Damit es nicht so weit kommt, verhandeln die Ukraine und Russland heute erneut in Brüssel, um ihren Streit über Gaslieferungen beizulegen. Der Energiekommissar der Europäischen Union (EU), Günther Oettinger, vermittelt dabei zwischen dem ukrainischen Energieminister Juri Prodan und seinem russischen Kollegen Alexander Nowak. Russland besteht darauf, dass die Ukraine erst alte Schulden begleichen müsse, bevor sie neues Gas für November und Dezember erhalten könne.

Dass Oettinger mit am Tisch sitzt, ist nur logisch: Die EU bezieht etwa ein Viertel ihres Gases aus Russland. Und die Ukraine ist ein wichtiges Transitland auf dem Weg nach Europa. Etwa die Hälfte aller deutschen Gasimporte aus Russland fließt durch das Land. Dreht Moskau den Gashahn zu, kann das massive Folgen auch für deutsche Bürger haben. Doch wie groß ist das Risiko wirklich, droht Deutschland ein eisiger Winter?

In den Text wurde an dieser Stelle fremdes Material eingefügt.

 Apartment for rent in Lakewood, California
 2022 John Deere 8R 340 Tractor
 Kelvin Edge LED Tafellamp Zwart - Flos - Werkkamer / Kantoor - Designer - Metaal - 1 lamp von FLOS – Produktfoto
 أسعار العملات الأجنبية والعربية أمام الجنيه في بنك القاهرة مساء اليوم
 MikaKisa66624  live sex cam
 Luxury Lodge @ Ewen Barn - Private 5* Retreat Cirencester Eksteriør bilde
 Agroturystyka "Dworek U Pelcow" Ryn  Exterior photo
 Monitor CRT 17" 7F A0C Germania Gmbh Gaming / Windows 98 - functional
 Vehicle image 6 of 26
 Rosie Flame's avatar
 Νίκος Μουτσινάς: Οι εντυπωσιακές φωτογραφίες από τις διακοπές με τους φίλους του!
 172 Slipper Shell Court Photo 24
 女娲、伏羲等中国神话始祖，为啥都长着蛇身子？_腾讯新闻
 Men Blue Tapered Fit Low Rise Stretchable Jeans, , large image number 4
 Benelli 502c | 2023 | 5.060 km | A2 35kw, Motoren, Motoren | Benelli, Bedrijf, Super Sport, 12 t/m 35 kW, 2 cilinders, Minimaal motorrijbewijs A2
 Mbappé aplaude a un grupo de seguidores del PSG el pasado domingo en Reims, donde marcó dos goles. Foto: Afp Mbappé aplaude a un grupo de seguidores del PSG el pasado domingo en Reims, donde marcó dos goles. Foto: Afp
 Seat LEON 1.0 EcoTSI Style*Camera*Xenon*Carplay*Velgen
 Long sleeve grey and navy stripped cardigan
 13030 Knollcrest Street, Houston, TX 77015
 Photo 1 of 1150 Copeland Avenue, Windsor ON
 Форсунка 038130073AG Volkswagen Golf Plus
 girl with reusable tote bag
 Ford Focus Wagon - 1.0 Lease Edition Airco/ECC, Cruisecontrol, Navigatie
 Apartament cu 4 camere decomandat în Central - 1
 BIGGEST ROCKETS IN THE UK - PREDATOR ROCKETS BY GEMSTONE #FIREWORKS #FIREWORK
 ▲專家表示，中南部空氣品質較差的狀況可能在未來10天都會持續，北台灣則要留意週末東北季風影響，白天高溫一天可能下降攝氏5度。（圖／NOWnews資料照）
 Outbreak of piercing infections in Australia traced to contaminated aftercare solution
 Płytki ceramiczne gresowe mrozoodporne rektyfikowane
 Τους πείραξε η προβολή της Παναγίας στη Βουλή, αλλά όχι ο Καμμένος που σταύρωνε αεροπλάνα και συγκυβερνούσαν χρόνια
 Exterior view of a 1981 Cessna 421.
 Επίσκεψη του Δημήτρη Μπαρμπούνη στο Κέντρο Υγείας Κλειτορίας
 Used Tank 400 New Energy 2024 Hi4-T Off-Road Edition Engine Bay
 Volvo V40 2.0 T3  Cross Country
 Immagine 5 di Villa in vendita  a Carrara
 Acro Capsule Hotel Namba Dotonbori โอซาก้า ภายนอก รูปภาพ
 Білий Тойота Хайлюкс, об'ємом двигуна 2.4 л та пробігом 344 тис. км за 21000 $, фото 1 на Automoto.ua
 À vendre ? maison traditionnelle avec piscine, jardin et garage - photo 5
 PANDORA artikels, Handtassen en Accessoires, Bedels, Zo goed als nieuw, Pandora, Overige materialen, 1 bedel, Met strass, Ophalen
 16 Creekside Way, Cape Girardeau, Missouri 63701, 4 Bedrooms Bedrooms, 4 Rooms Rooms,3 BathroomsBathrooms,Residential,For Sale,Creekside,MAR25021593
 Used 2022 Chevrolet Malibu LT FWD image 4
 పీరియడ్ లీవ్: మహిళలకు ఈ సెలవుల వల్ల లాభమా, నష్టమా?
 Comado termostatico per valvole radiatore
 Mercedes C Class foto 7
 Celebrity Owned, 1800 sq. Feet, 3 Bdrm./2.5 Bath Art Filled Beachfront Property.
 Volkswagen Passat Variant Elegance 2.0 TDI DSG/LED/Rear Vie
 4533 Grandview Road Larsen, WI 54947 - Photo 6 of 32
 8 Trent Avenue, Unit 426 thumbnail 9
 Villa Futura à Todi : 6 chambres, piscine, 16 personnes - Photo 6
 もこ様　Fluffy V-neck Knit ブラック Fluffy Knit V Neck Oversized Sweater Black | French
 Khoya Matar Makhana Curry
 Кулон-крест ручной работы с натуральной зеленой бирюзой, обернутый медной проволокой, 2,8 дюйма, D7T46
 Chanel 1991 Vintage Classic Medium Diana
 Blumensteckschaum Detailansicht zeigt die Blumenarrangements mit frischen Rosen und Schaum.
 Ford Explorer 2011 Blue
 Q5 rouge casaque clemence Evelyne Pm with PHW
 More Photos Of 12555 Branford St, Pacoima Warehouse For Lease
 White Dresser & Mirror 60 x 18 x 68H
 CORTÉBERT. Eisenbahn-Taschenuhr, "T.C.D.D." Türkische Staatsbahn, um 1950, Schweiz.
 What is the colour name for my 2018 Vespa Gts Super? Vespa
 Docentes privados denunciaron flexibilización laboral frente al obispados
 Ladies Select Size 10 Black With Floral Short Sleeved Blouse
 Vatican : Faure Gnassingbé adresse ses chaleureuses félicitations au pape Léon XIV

Analyse der Regierung: Deutschland abhängig von Russland

Wenn deutsche und europäische Politiker nach möglichen Problemen bei der Gasversorgung gefragt werden, beschwichtigen sie gerne. Europa sei "winterfest" heißt es dann. Erst vor zwei Wochen hatte Oettinger die Ergebnisse eines Stresstests vorgestellt und versichert: Selbst wenn Russland für ein halbes Jahr kein Gas mehr liefere, "müsste kein EU-Bürger frieren". Nur keine Panik verbreiten, so die Losung.

Dabei zeigt eine interne Analyse der Bundesregierung, die unlängst an die Öffentlichkeit gelangte, wie abhängig Deutschland von russischem Gas ist. Untersucht wurde darin der Fall, dass Russland von September 2014 bis Februar 2015 überhaupt kein Gas mehr liefern würde. Die erschreckende Folge: Deutschland würde fast die Hälfte seines Gases fehlen. Insgesamt 23 Milliarden Kubikmeter müssten in den sechs Monaten kompensiert werden.

Notfallplan trifft vor allem Industrie hart

Nicht weniger beunruhigend ist der Mangel an Alternativen. Flüssiggas per Tanker oder zusätzliche Importe aus Norwegen – all das würde nur ein paar Millionen Kubikmeter mehr bringen und längst nicht ausreichen, um den deutschen Verbrauch von 51,2 Milliarden für diesen Zeitraum zu stillen. Im schlimmsten Fall müsste Deutschland den Energienotfall ausrufen.

Der Notfallplan der Bundesnetzagentur sieht dafür vor, dass zunächst sogenannte "geschützte Kunden" – also vor allem Privathaushalte – und dann die Industrie beliefert werden. Allerdings verbrauchen die Haushalte allein bereits so viel, dass rechnerisch fast nichts mehr für die Wirtschaft übrig bliebe. Der Schaden für viele Betriebe wäre beträchtlich.

Hinzu kommt, dass manche Faktoren unberechenbar sind. Das Wirtschaftsforschungsinstitut Bruegel aus Brüssel schätzt, dass schon 1,5 Grad kühlere Temperaturen in Häusern und Wohnungen der EU-Staaten die Gasimporte um rund 20 Milliarden Kubikmeter senken könnten. Im Umkehrschluss heißt das jedoch auch: Ist der Winter besonders frostig, müssen die Menschen mehr heizen und der Gasbedarf steigt drastisch.

Pipelinenetz der EU ist zu schwach

Doch selbst wenn genug Ersatz für alle Staaten vorhanden wäre, würde eine Umverteilung schnell die europäischen Pipelines überlasten, warnt das Energiewirtschaftliche Institut der Universität zu Köln (EWI) in einer Analyse für Spiegel Online. Auch deshalb blicken viele in der EU mit Zuversicht auf neue Projekte wie den "Southern Gas Corridor". Bis 2019 sollen mehrere Pipelines mit einer Länge von 3500 Kilometern insgesamt sieben Länder zwischen Aserbaidschan und Italien verbinden und diese weniger abhängig von Russland machen.

Dass die Angst vor dem russischen Griff zum Gashahn nicht unbegründet ist, zeigt ein Blick in die Vergangenheit: Im Januar 2009 bekam Europa schon einmal kein Gas mehr aus dem Osten, Österreich etwa fehlten plötzlich 90 Prozent seiner Importe. Die Ukraine und Russland beschuldigten sich damals gegenseitig, die Pipelines zu blockieren. Erst nachdem die EU vermittelt hatte, floss wieder Gas durch die Leitungen.